Segment Start: Data extract
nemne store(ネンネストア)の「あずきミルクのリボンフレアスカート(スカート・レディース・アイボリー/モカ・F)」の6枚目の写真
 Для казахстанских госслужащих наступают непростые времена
Segment End: Data extract
Segment Start: Data extract
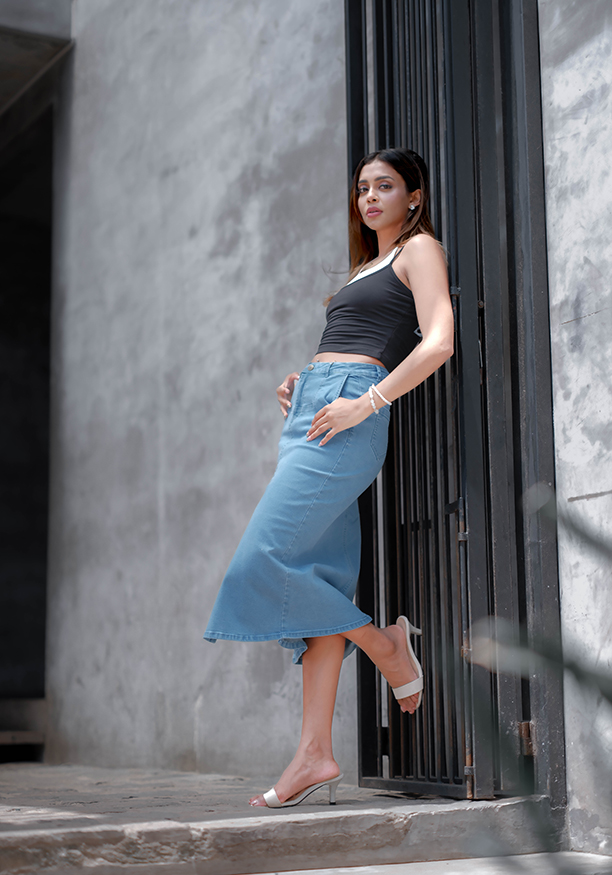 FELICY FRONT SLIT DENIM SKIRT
Segment End: Data extract
Once the line with "nemne store(ネン" is found in the records above, print exactly that line and every line after it through the line with "Для казахстанских госслужащих".

nemne store(ネンネストア)の「あずきミルクのリボンフレアスカート(スカート・レディース・アイボリー/モカ・F)」の6枚目の写真
 Для казахстанских госслужащих наступают непростые времена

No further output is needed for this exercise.